LostRuins / koboldcpp

Run GGUF models easily with a KoboldAI UI. One File. Zero Install.
https://github.com/lostruins/koboldcpp
GNU Affero General Public License v3.0
5.15k stars 353 forks source link

SSE Stream add wait time input in GUI for the API #1064

Open hentaitaku opened 2 months ago

hentaitaku commented 2 months ago

Hello can you add to the GUI a input where you can change this wait time, so i dont need to build kobold for windows on each new version. When i translate text with a gguf model is it done in 300-400ms, but the 0.25 wait time is to long works by me with 0.05.
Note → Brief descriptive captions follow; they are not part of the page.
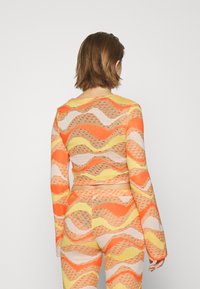 Top cropped em laranja, amarelo e creme com padrão ondulado. Mangas longas com um design ajustado. Textura de malha com um ligeiro brilho.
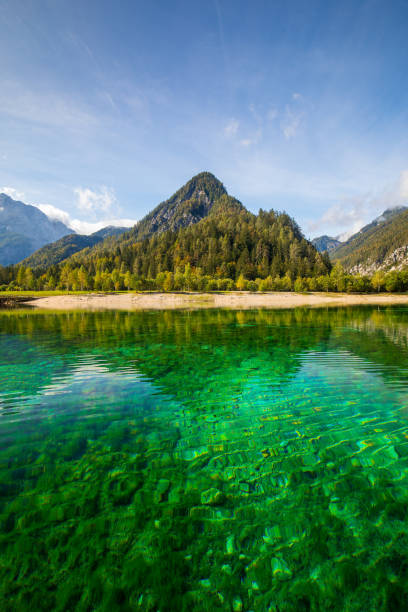 crystal clear lake Jasna with mountains in background stock photo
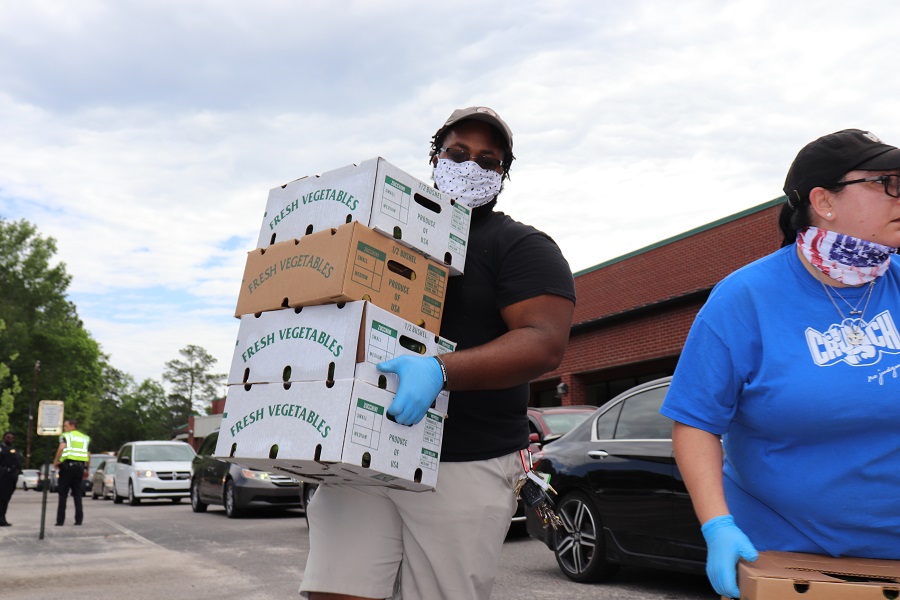 volunteer with mask and gloves on carrying 4 boxes of fresh produce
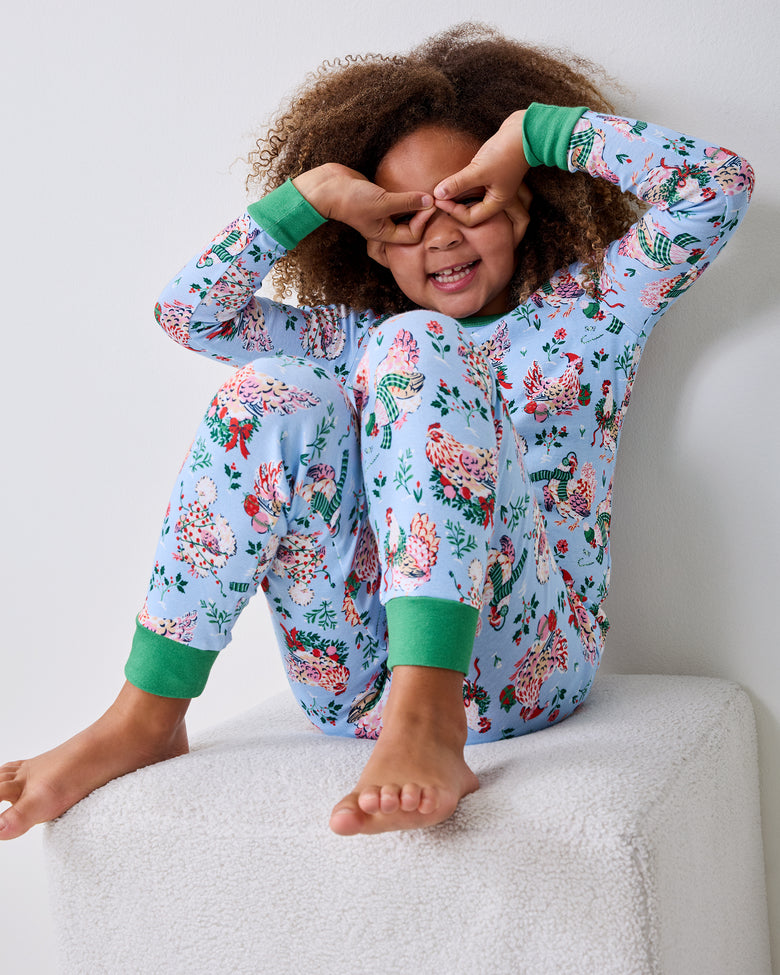 Child wearing a pale blue Holiday Hens pajama set sits on a white ottoman with both hands over their eyes.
https://github.com/LostRuins/koboldcpp/blob/c7108742f43e854b852c357c56cf11b5c637f188/koboldcpp.py#L1426

And i found out that when i set my nvidia power management mode from normal to maximum performance is my generate 50% faster. https://nvidia.custhelp.com/app/answers/detail/a_id/3130/~/setting-power-management-mode-from-normal-to-maximum-performance

Many Thanks

LostRuins commented 2 months ago

If you're running fast bulk koboldcpp requests, why not use the sync generate endpoint instead of SSE streaming? That will not have the delay. The delay is necessary to prevent the streaming from overtaking the generate function and potentially returning invalid results.

hentaitaku commented 2 months ago

Can we not add a check to find out if generate has started and not some wait time because by me it works with 0.05ms wait.

Can this not work add a var before handle.generate() and read it in handle_sse_stream() so it knows generate started: Best is when you can add in handle.generate() a return var after first token generated.

global sse_generate_started sse_generate_started = True ret = handle.generate(inputs) outstr = "" if ret.status==1:

LostRuins commented 2 months ago

Generate has started because the function is always called before the SSE streaming function. The thing is you can't be sure that the old buffer is cleared on time before you start the streaming thread.

Do note that this does not actually slow down the generation speed. Even though the streaming thread starts later, it will catch up with the already generated tokens, and the total speed should be about the same.